### Problem to solve
What is needed is an exact transcription of every record, minus the pictures.

### Exercise material
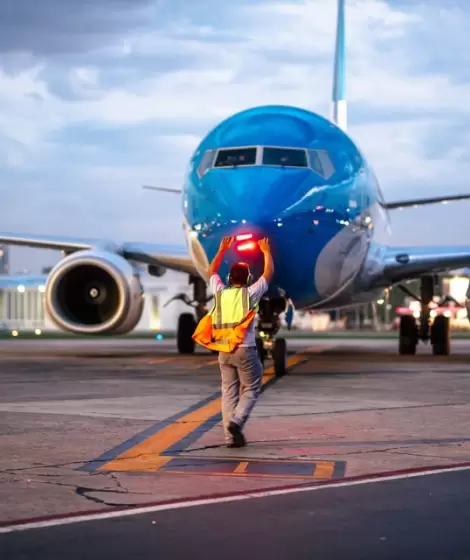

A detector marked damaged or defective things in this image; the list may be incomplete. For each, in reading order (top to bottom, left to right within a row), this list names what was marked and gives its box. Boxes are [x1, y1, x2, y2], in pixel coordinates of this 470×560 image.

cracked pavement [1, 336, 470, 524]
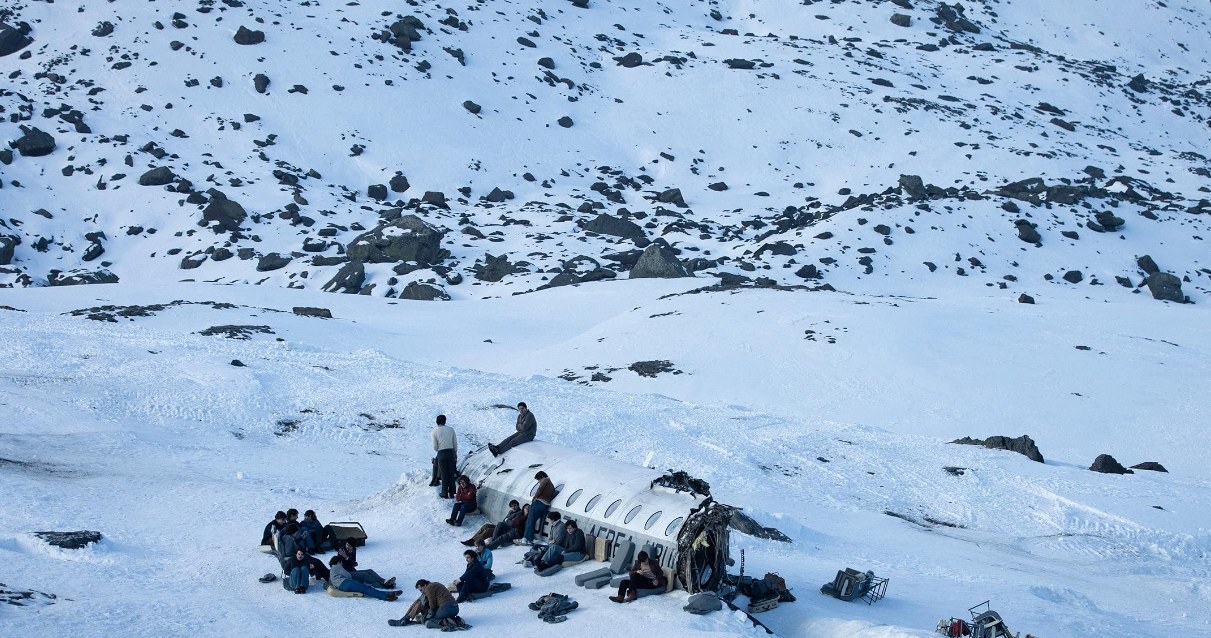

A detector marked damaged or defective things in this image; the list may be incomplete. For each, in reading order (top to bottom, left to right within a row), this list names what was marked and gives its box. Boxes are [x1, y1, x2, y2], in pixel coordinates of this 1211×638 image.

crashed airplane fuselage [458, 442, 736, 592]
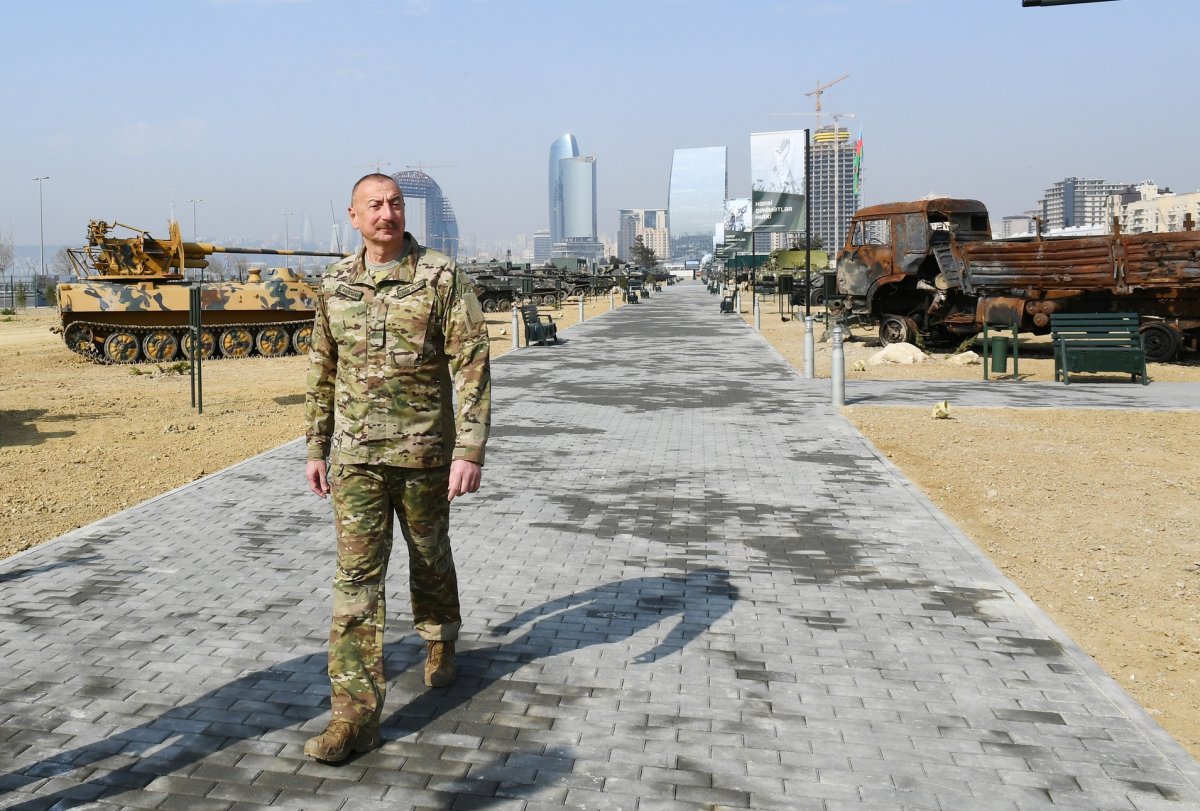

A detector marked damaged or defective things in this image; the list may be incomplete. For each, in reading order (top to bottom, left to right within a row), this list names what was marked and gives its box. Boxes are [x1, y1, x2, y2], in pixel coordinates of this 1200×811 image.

### Answer for the task
A detector marked damaged or defective things in this image; the list may be incomplete. For each, in reading order (top to bottom, left to right within a row), this list names what was marked and gives its box. Boxes are [x1, y1, x2, y2], in pixel coordinates of this 470×560 image.

cracked pavement [1, 336, 470, 524]

A detector marked damaged or defective things in this image; the list may be incomplete. For each, in reading order (top to bottom, left to right within a row), this list names what was marked and gives its box. Boxes are [x1, y1, x2, y2], in pixel coordinates of this 1211×638 image.

crashed airplane fuselage [458, 442, 736, 592]

A detector marked damaged or defective things in this image; the list may be incomplete. For each, in reading order (top to bottom, left to right within a row), this list names what was marked and gives its box. Boxes are [x1, y1, x2, y2], in pixel coordinates of this 1200×811 image.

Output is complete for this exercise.